After a few miles, we connected to the Pacific Crest Trail. What a difference that made. The PCT is well defined, well signed, and very well maintained. There's not much chance of getting off track here. Rather than follow the loop at the junction, we took our first diversion to Three Lakes to enjoy a cool plunge and make camp for the night. Although we had hiked in quite a ways, Three Lakes is also accessible by a dirt road coming in from another direction. As a result, we encountered a couple groups of people here. By sunset, however, everyone had left for the day and all was quiet.

three lakes

The next morning, we made our way back to the PCT, and enjoyed a nice trek through the woods. At this point, we had gotten somewhat high in elevation, so we were intermittently treated to sweeping views as the trail meandered out of the forest towards the edge of the ridge.

lakes view

We pushed on, looking for the junction that would mark our next side trip to Rock Lake. It's part of a small chain of four lakes, so the trail was actually signed for Silver Lake, the largest in the chain. A steep descent brought us down in elevation quickly, and we veered right to find Rock Lake. It was getting late in the day, so we only had time to make camp and get a meal going.

rock lake

We had planned to spend the following day relaxing at Rock Lake, and it was a perfect spot for it. We had the lake to ourselves for the entire day. The water was cool, but not cold, and the warm sun heated up the boulders which were scattered about the lake, making for perfect lounging spots. This was the sort of day that makes strapping a load of gear to your back all worth it.

rock lake frog

At night, we ambled out onto one of the boulders that extended into the lake and had a perfect, clear view of the night sky. It was a new moon, so the milky way burst across the entire scene, and we watched satellites and meteors go whizzing by.

The next morning, we set out to rejoin the PCT and continue the loop. The climb out from Rock Lake was steep, but hiking in the cooler morning hours made it tolerable.


Before long, we were back on the PCT and heading towards our next trail junction. Once we had reached it, we decided to take one more side trip to Spanish Peak, a high point overlook with a fantastic view of the area. There used to be a lookout tower here, but it's completely gone save for a bit of foundation. A metal box held notes and other trinkets left by other hikers, and we contributed an entry to the notebook before heading back to the loop.

spanish peak view

When we got back to the junction, we departed the PCT for good and began a descent down the Right Hand Branch Mill Creek Trail, which would take us back to Bucks Lake. Here again, the trail was little used, and we lost track of it at one point, but our time off track was brief. We saw only one other person on this trail. He was an older guy and local to the area, and he was amazingly fast and spry.
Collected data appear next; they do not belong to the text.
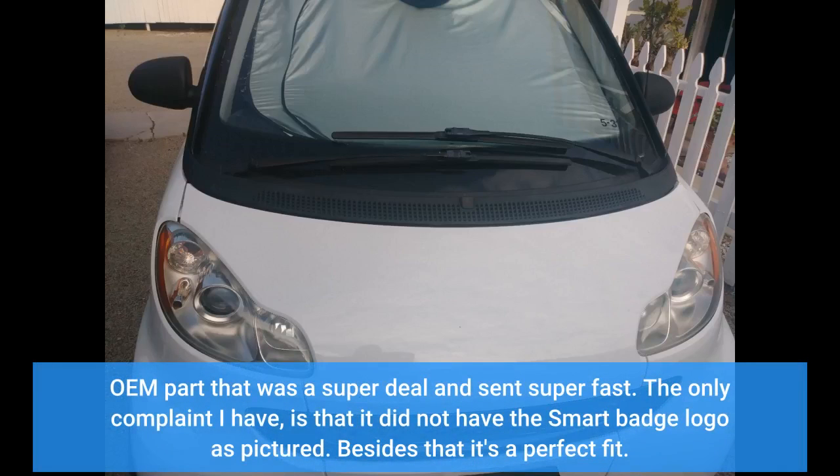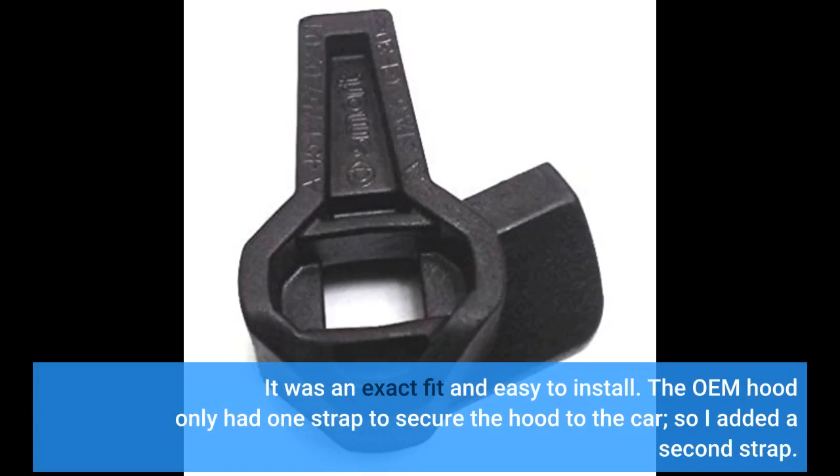OEM part that was a super deal and sent super fast. The only complaint I have is that it did not have the Smart badge logo as pictured. Besides that, it's a perfect fit. It was an exact fit and easy to install.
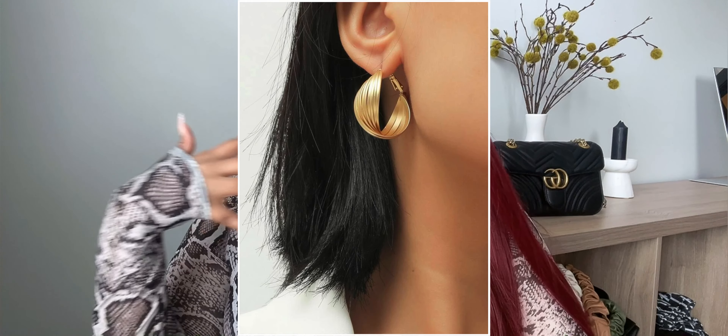Next I got these earrings — they're more of a matte gold. Here's what they look like on — perfect if you want to go out somewhere casual and dress it up a bit. I'm actually really impressed with these. These are a 10 out of 10 — go grab yourself a pair!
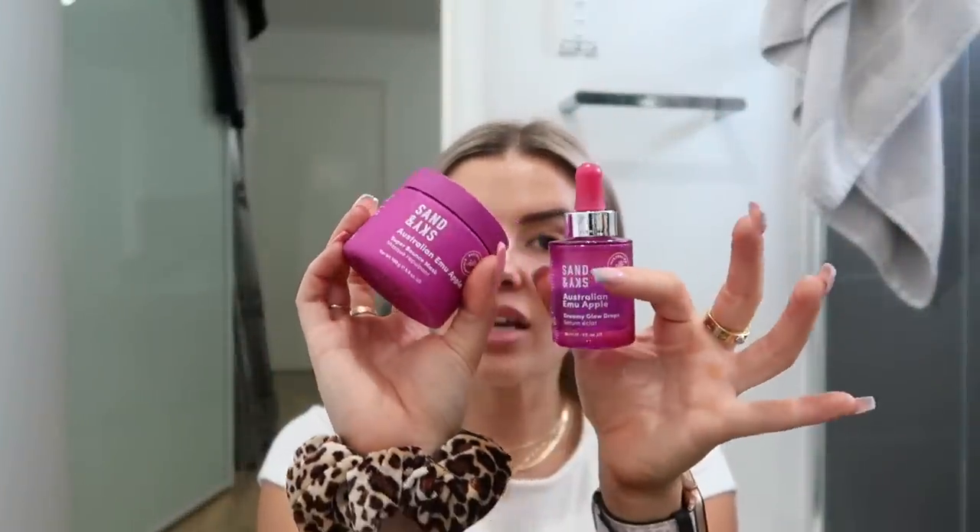Oh my God, this stuff is so soft. Look at my skin — wow. My skin just feels really plump, but also very, very moisturized. This is going to be the best base for makeup. If you guys want to check out Sand and Sky, I'll leave their links in the description box down below. Not sure if I have a discount code but maybe I can get one — I'll leave that down below if I can. Thank you guys so much for sending me this. I'll definitely be using it more often. I freaking love the way my skin looks.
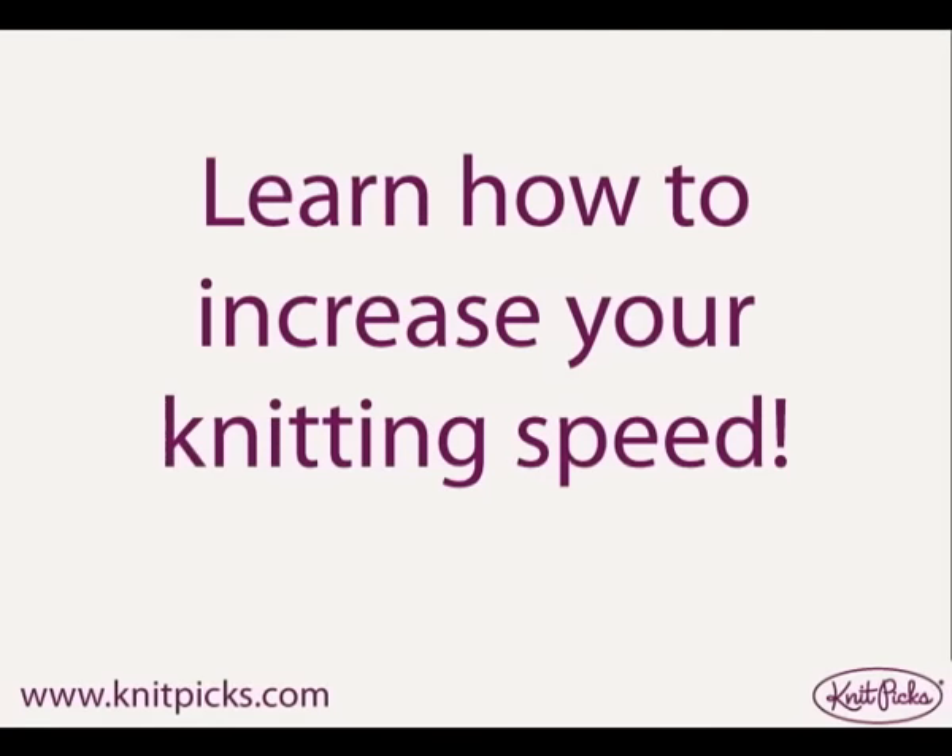Are you ready to increase your speed? Miriam Teggles holds the Guinness Record as the world's fastest knitter. Here are a few of her tricks for improving your knitting speed.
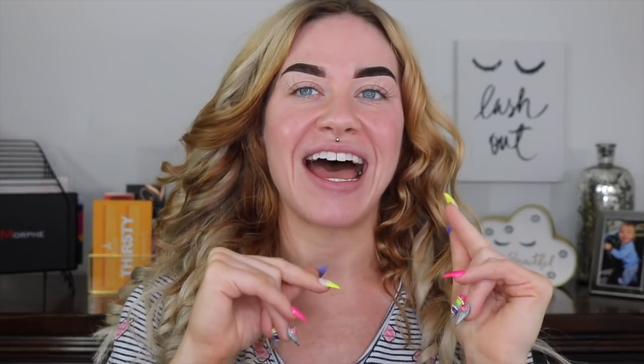I absolutely cannot wait — I think Tuesday, we're looking at Tuesday, that the video I've been talking about will be coming out. We're probably gonna be doing them like every two to three weeks. Let us know what you think of it when you see it — I'm just so excited for you guys to see it.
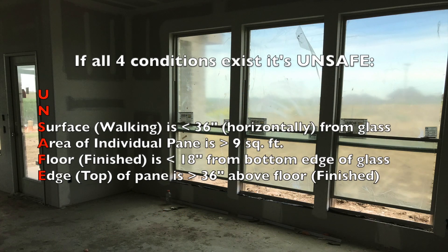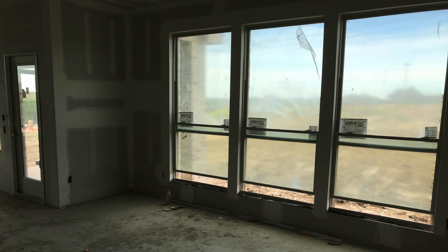Here's the SAFE acronym, where all four conditions have to be met to be unsafe. Surface: the walking surface is within less than 36 inches horizontally from the glass. Area: the area of an individual pane is greater than nine square feet. Floor: the finished floor is less than 18 inches from the bottom edge of the glass. Edge: the top edge of the pane is greater than 36 inches above the finished floor. All four rules have to be met — all have to apply.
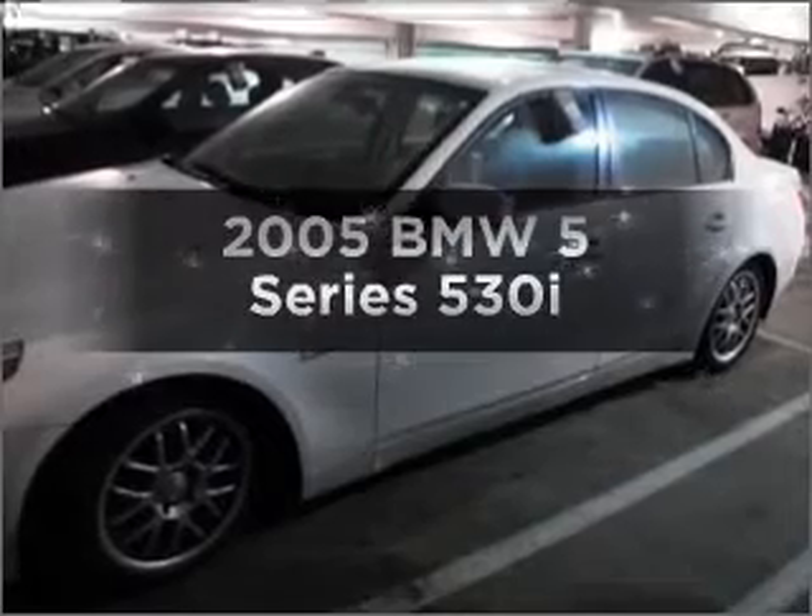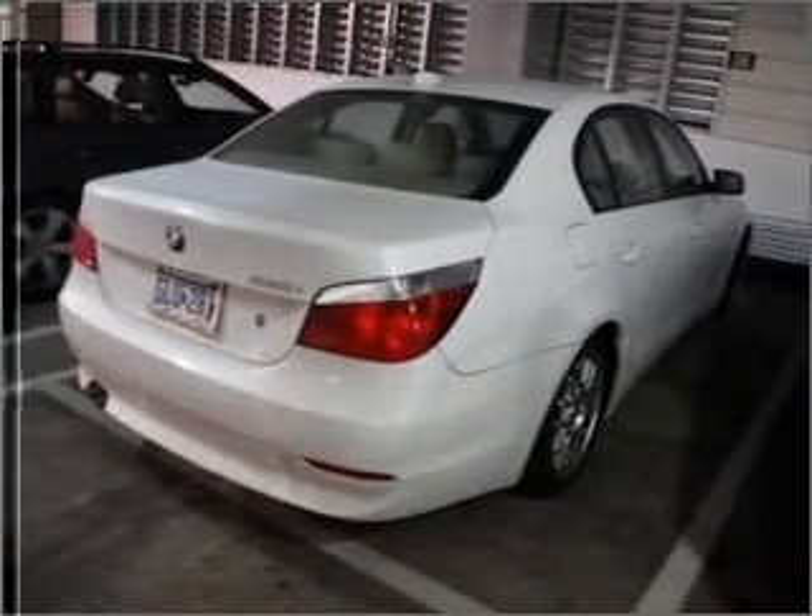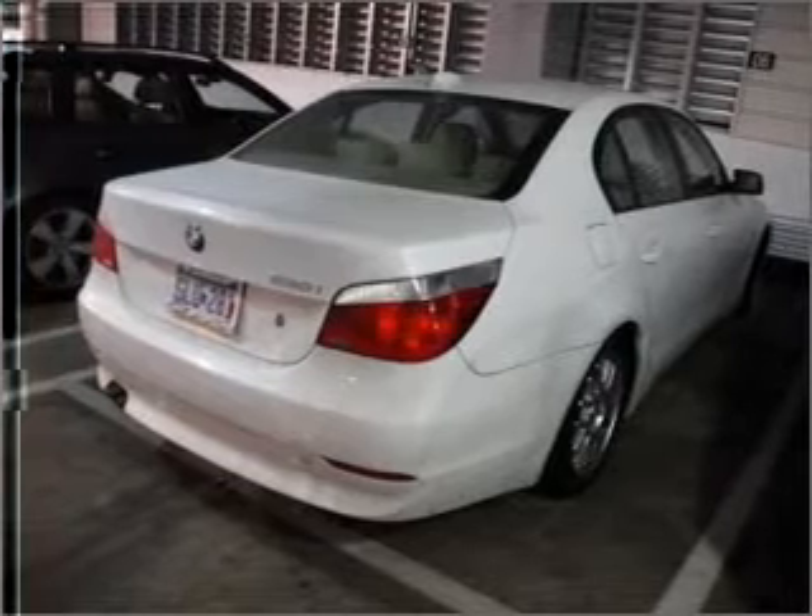Get noticed in this 2005 BMW 5 Series. If you're looking for an automobile with great attributes, look no further. With a reliable 6-cylinder engine that responds smoothly to its 6-speed automatic transmission, premium wheels give a more luxurious look. The anti-lock braking system will help deliver you safely to your destination.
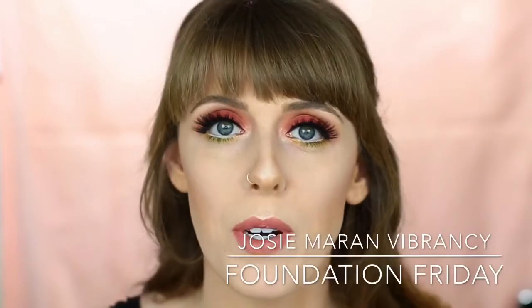Hey everyone! Thank you so much for clicking on my channel and welcome to the second week of Foundation Friday. I'm super excited about this series and I hope you guys like it as much as I do.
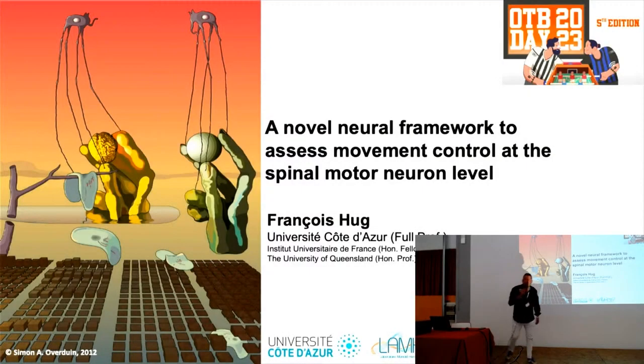Welcome to everybody. Please take a seat. I would like to start the OTB Electronica Day with two words quickly. I'm really proud to announce that now we are here. There are more than 58 research centers coming from 22 different nations. I hope that you enjoy the day. I invite François Hugues as the first speaker, coming from University of Côte d'Azur.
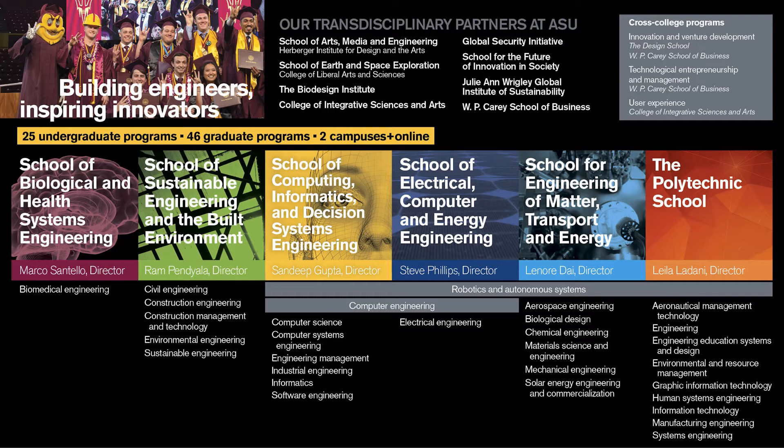Each school has its own director, affiliated faculty, and advising unit to provide greater support and specific guidance to students within the school. While software engineering belongs to the CIDSE school, this program is physically located at the Polytechnic campus. ASU and Fulton have direct admission, meaning when students apply, they apply directly to the degree program they want to pursue.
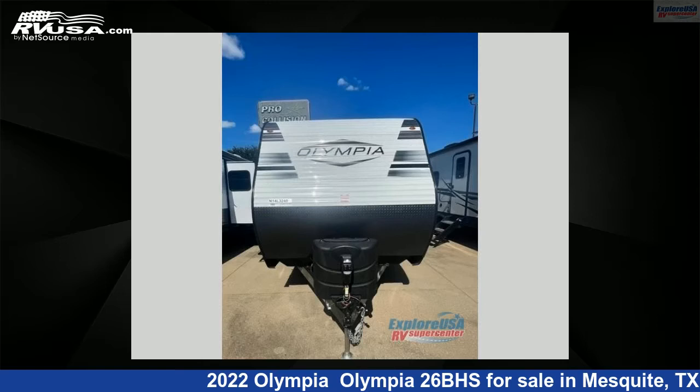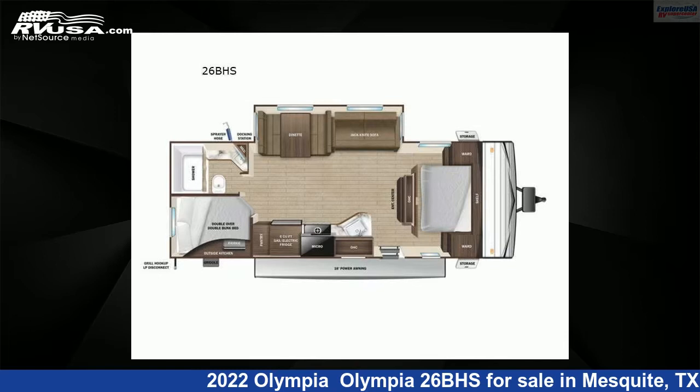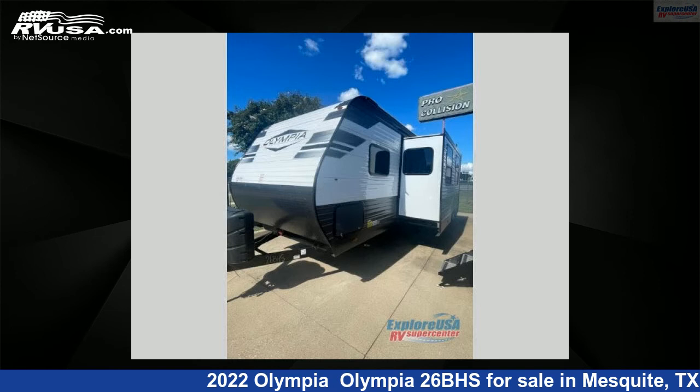This 2022 Olympia 26BHS is a travel trailer RV. It is located in Mesquite, Texas 75150 and is offered for sale by ExploreUSA RV Supercenter, Dallas, Texas.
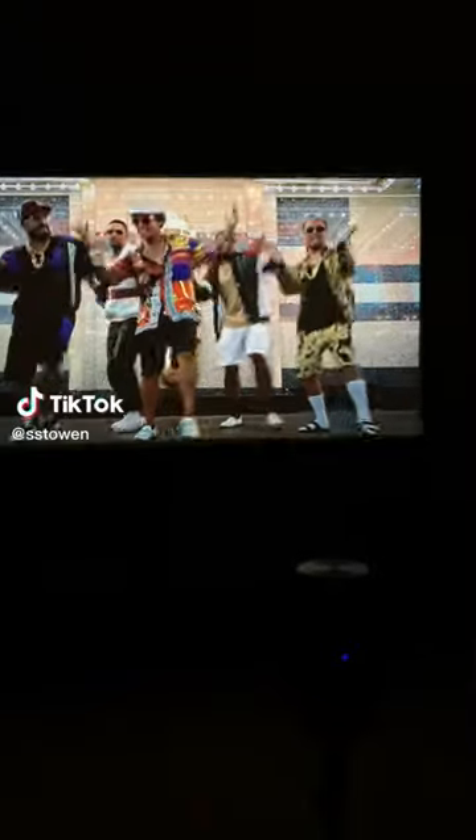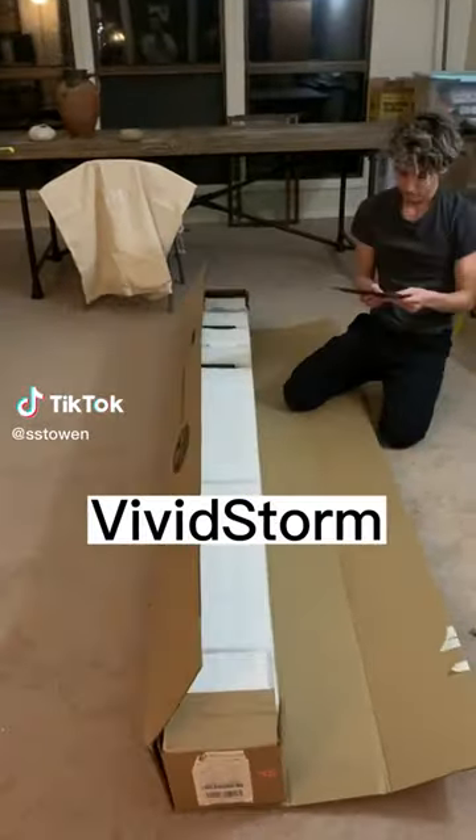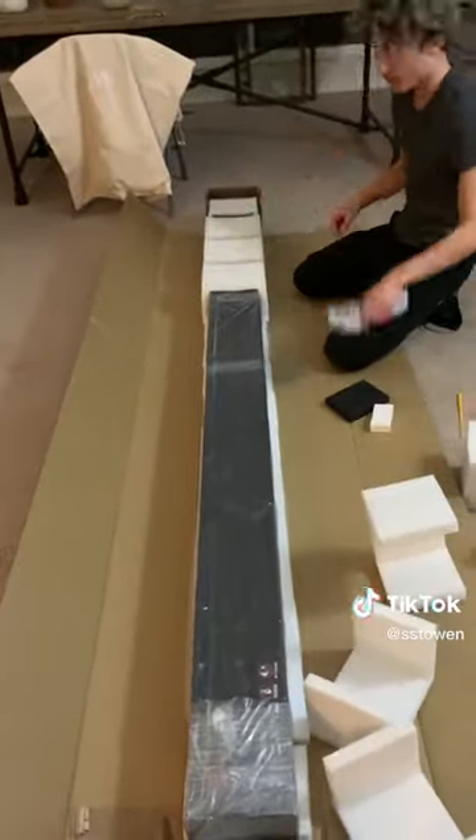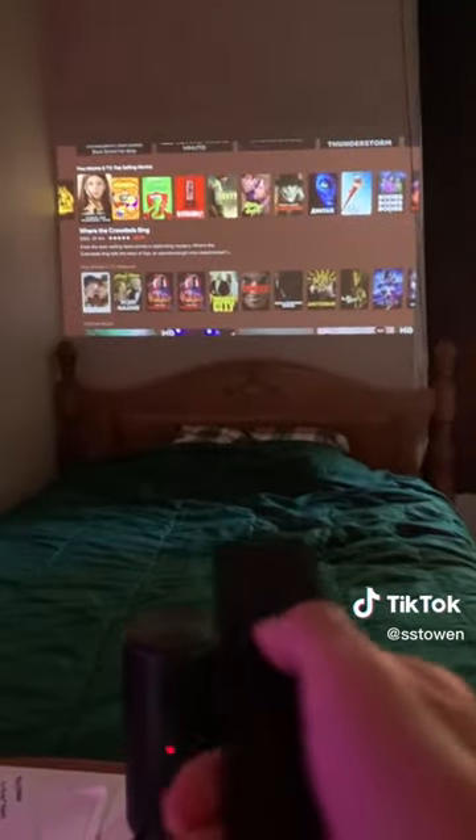This is how to turn any room into a theater room. So this company, Vividstorm, asked if I wanted to review their 100-inch screen. I was like, bet, send it over. And so they sent it over. I just got a new projector, so this is literally the perfect thing to use it with. It's a projector screen that rolls up and down all by itself, essentially just turning any room into a theater room.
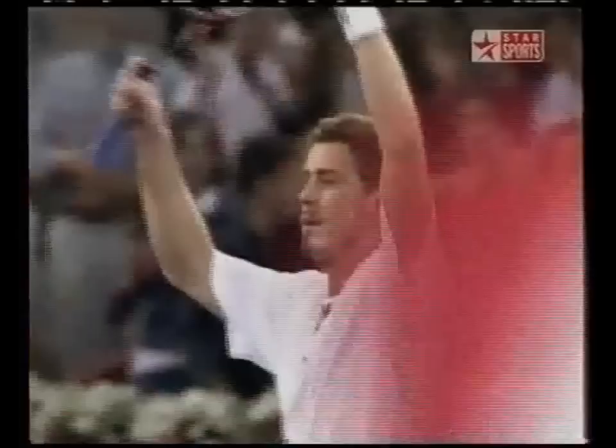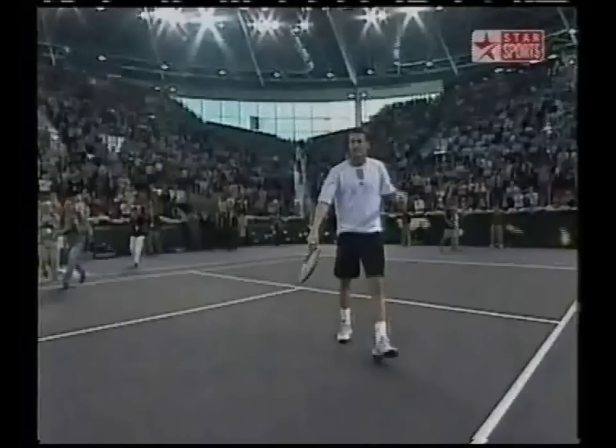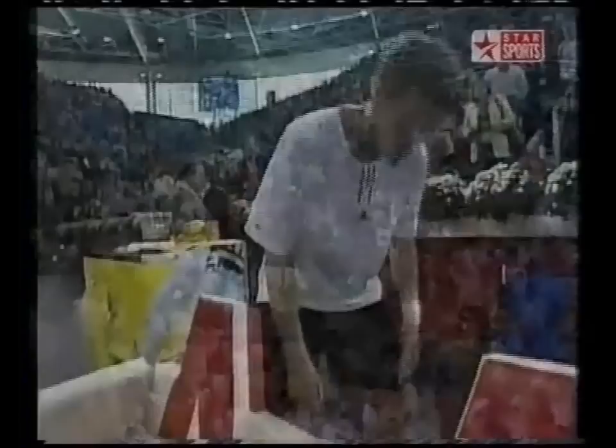They shake hands — congratulations for Safin's fourth Masters Series success. He's the first here in Madrid, and no question about the outcome today. He was always the better player. An hour and 52 minutes at the Estadio for that straight sets win: 6-2, 6-4, 6-3. The 9,500 here would have liked a closer match, but they got a great exhibition of power play.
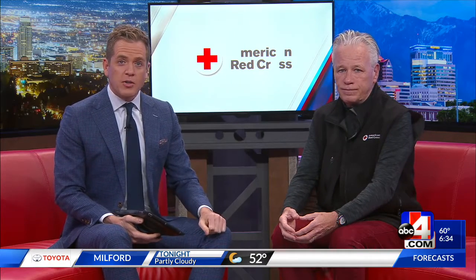If you're watching this morning, the Utah Red Cross needs you. They're always looking for more people to donate blood, but right now they have a serious need for certain blood types. Rich Woodruff from the Utah Red Cross explains what types of blood donors they need.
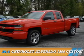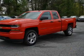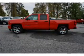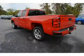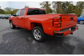Presenting the 2016 Chevrolet Silverado 1500. It's powered by a 5.3 liter 8 cylinder engine and a 6 speed automatic transmission.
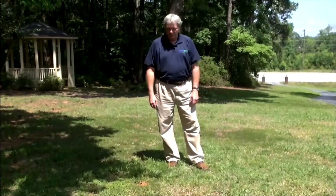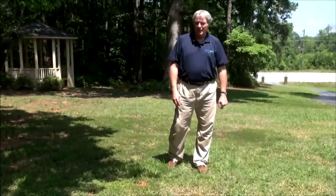I'm Harold Enger from Spring Green Lawn Care, and today I'm going to tell you a little bit about fire ants.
He passed us on the way up to Spanish Peak, and then again on the way down. I hope I am in half as good of shape when I get to be that age.

bucks lake

Finally, we made it back to Bucks Lake, and took a boat-in campsite by the water's edge to spend one last night out. Things were busier here, with hikers going by and boats buzzing around the lake. Here again, things quieted down at night. The next morning, we hiked back to the main campground where I dropped my pack and proceed to climb the steep ascent back to the original Mill Creek trailhead to retrieve our car. It was right where we had left it, and was undisturbed save for some smears on the rear window that appeared to have been left by the curious nose of one of the local cows.


  1. It is important for your things to be organized and bring all the basic things you will need for backpacking.

    backpacking tips

  2. I'm thinking of doing this next year. thank you for the write up.

  3. Getting ready to take this trek next weekend, but we will only have 2 days one night. Thanks for the awesome write up!